Data records:
- - - - -

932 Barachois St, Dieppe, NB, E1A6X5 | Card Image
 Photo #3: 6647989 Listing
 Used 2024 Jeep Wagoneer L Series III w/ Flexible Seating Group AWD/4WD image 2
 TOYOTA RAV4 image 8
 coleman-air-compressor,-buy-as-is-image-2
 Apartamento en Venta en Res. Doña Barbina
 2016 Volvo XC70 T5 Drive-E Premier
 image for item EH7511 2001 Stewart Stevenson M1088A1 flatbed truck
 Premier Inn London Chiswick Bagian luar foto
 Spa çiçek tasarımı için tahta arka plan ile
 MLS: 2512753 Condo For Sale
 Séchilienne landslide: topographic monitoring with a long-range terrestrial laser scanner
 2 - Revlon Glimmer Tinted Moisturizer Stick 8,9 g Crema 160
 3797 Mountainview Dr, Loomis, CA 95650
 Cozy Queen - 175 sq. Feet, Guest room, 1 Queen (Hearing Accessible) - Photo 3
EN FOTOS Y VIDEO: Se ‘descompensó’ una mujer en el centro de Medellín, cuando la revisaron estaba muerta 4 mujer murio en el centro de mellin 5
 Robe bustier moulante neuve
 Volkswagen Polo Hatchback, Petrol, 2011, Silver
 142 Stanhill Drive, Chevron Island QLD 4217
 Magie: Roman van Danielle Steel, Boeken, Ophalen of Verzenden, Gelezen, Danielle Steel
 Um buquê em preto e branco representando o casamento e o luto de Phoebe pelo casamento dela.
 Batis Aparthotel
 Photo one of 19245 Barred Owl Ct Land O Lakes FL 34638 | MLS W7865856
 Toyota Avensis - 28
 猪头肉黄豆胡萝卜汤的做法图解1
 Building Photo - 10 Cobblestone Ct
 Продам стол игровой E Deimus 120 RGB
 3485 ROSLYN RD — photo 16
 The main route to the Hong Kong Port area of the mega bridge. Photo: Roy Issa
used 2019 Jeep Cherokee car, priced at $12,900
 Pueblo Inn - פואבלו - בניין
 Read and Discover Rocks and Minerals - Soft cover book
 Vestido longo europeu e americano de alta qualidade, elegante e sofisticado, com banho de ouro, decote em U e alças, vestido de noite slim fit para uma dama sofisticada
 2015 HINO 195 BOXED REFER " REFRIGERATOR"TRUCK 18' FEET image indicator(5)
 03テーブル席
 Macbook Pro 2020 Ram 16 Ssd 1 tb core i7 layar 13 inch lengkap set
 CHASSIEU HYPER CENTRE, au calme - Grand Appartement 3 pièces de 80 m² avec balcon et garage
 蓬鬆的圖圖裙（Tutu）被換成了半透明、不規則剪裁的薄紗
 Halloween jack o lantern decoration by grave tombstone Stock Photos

- - - - -

### Exercise prompt
Search the entries for the string "Premier" and return each line where it turns up.

### Completed exercise
 2016 Volvo XC70 T5 Drive-E Premier
 Premier Inn London Chiswick Bagian luar foto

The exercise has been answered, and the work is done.